Without changing a thing, reproduce the entire listing and leave out its pictures.

#### Recorded information ####

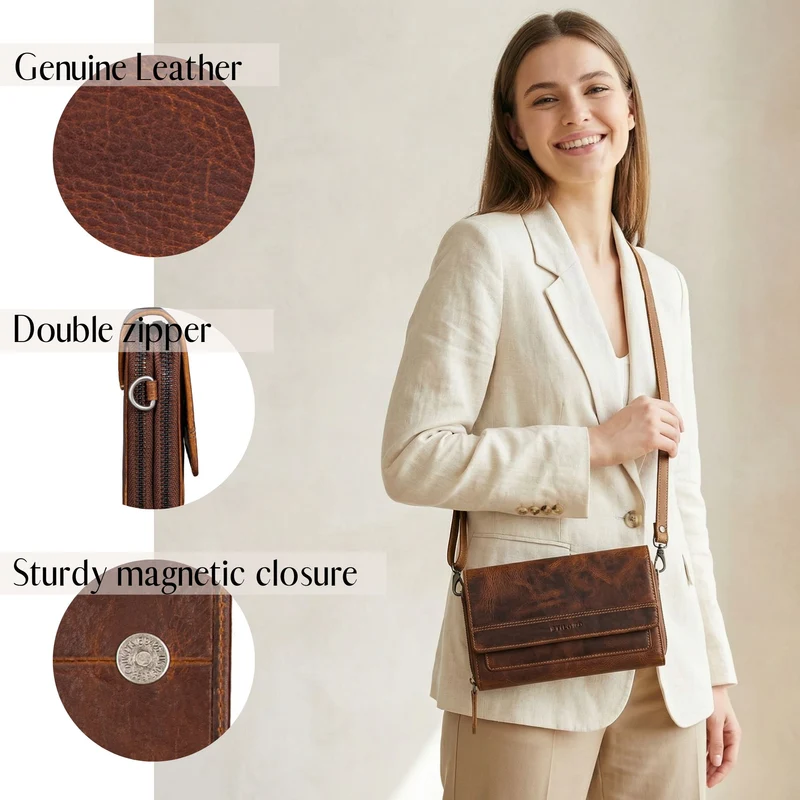"Sabrina" 4-in-1 XL Geldbörse Damen Leder zum Umhängen mit Handyfach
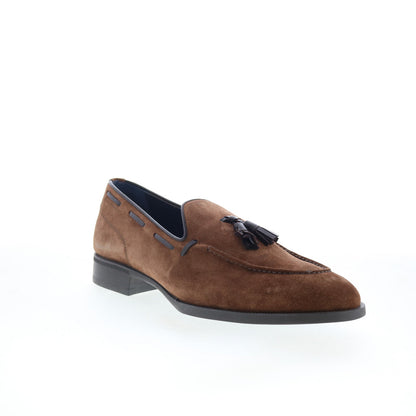 Di Bianco Cercola Mens Brown Suede Slip On Loafers & Slip Ons Casual Shoes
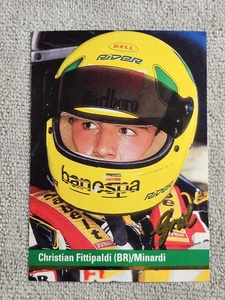 1992 Grid Motorcard Formula 1 Christian Fittipaldi (BR)/Minardi #88 Rookie RC - Picture 1 of 2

####

> **Final answer**:
"Sabrina" 4-in-1 XL Geldbörse Damen Leder zum Umhängen mit Handyfach
 Di Bianco Cercola Mens Brown Suede Slip On Loafers & Slip Ons Casual Shoes
 1992 Grid Motorcard Formula 1 Christian Fittipaldi (BR)/Minardi #88 Rookie RC - Picture 1 of 2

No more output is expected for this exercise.